The world-building is the novel's strongest aspect. Blackgoose throws us into a world where dragons are a fading memory and the dominant culture clashes with Anequs' heritage. The tension between the two is palpable, adding a layer of depth to the story. Furthermore, the dragon-training aspect is refreshingly unique. Instead of fire-breathing beasts, the dragons in this world manipulate the very essence of "breath" itself, creating intriguing possibilities.
However, the narrative pacing holds the story back at times. The initial sections feel rushed, cramming in world-building details and character introductions at a breakneck speed. Some plot points feel predictable, and the emotional connection to Anequs' struggles could be stronger. The ending, while setting the stage for a sequel, doesn't quite deliver the satisfying conclusion one might hope for.
"To Shape a Dragon's Breath" is a promising debut with a strong foundation.
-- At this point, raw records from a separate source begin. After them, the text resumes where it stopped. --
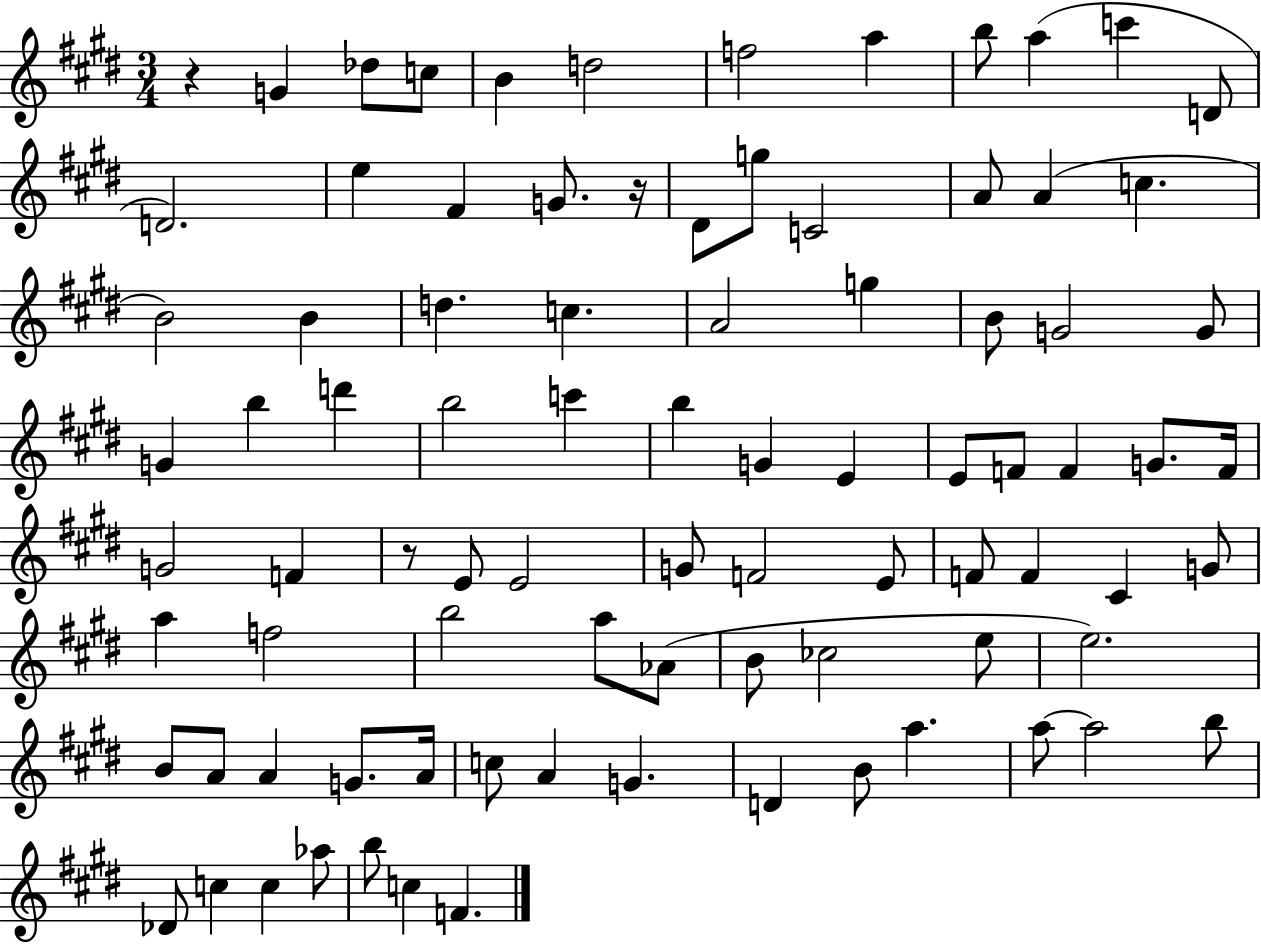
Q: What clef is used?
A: treble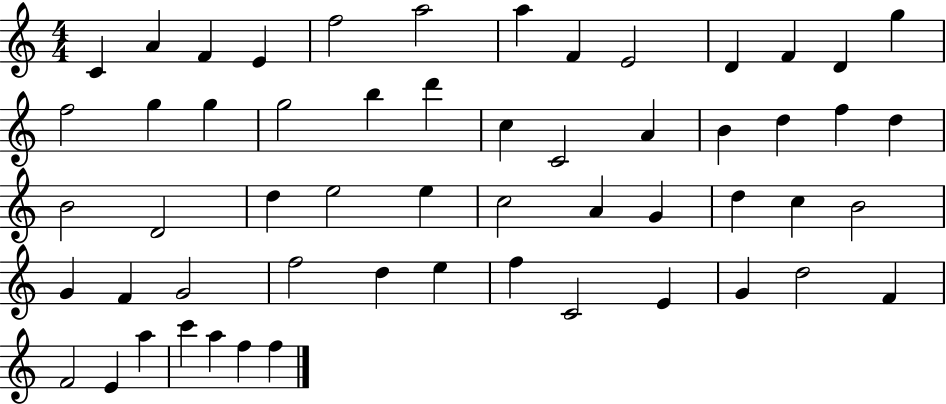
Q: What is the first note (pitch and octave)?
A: C4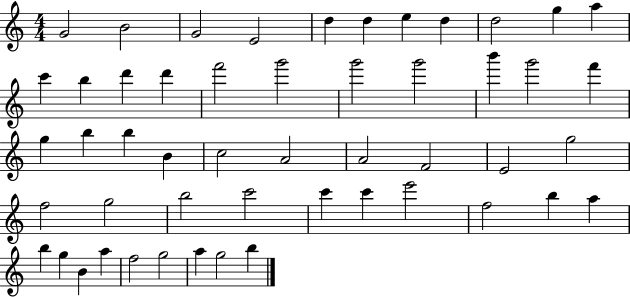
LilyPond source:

{
  \clef treble
  \numericTimeSignature
  \time 4/4
  \key c \major
  g'2 b'2 | g'2 e'2 | d''4 d''4 e''4 d''4 | d''2 g''4 a''4 | \break c'''4 b''4 d'''4 d'''4 | f'''2 g'''2 | g'''2 g'''2 | b'''4 g'''2 f'''4 | \break g''4 b''4 b''4 b'4 | c''2 a'2 | a'2 f'2 | e'2 g''2 | \break f''2 g''2 | b''2 c'''2 | c'''4 c'''4 e'''2 | f''2 b''4 a''4 | \break b''4 g''4 b'4 a''4 | f''2 g''2 | a''4 g''2 b''4 | \bar "|."
}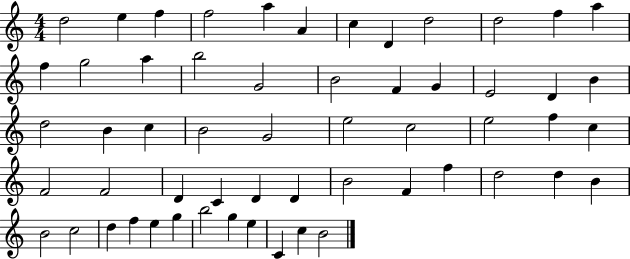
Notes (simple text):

D5/h E5/q F5/q F5/h A5/q A4/q C5/q D4/q D5/h D5/h F5/q A5/q F5/q G5/h A5/q B5/h G4/h B4/h F4/q G4/q E4/h D4/q B4/q D5/h B4/q C5/q B4/h G4/h E5/h C5/h E5/h F5/q C5/q F4/h F4/h D4/q C4/q D4/q D4/q B4/h F4/q F5/q D5/h D5/q B4/q B4/h C5/h D5/q F5/q E5/q G5/q B5/h G5/q E5/q C4/q C5/q B4/h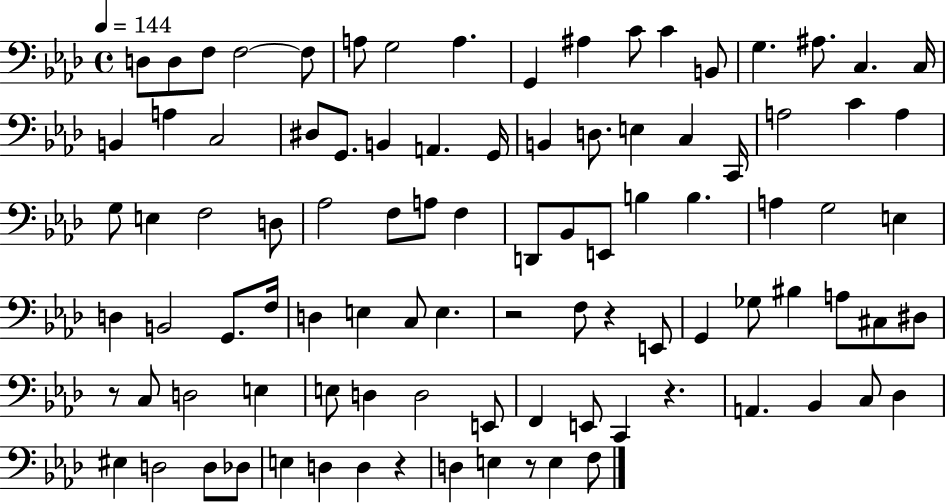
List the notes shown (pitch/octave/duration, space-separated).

D3/e D3/e F3/e F3/h F3/e A3/e G3/h A3/q. G2/q A#3/q C4/e C4/q B2/e G3/q. A#3/e. C3/q. C3/s B2/q A3/q C3/h D#3/e G2/e. B2/q A2/q. G2/s B2/q D3/e. E3/q C3/q C2/s A3/h C4/q A3/q G3/e E3/q F3/h D3/e Ab3/h F3/e A3/e F3/q D2/e Bb2/e E2/e B3/q B3/q. A3/q G3/h E3/q D3/q B2/h G2/e. F3/s D3/q E3/q C3/e E3/q. R/h F3/e R/q E2/e G2/q Gb3/e BIS3/q A3/e C#3/e D#3/e R/e C3/e D3/h E3/q E3/e D3/q D3/h E2/e F2/q E2/e C2/q R/q. A2/q. Bb2/q C3/e Db3/q EIS3/q D3/h D3/e Db3/e E3/q D3/q D3/q R/q D3/q E3/q R/e E3/q F3/e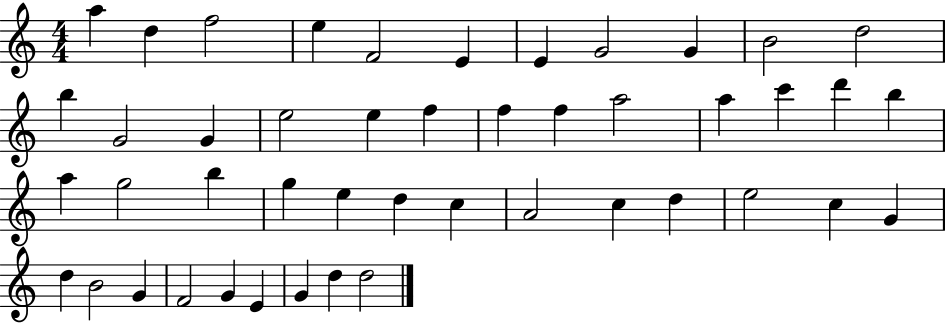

It tackles interesting themes and offers a refreshing take on dragon lore. However, some uneven pacing and a lack of emotional depth prevent it from reaching its full potential. If you're looking for a unique YA fantasy with a focus on cultural identity and a hint of rebellion, this might be worth checking out, especially if you're patient with world-building exposition. However, for those seeking a fast-paced, emotionally gripping story, this one might feel a little slow on the uptake.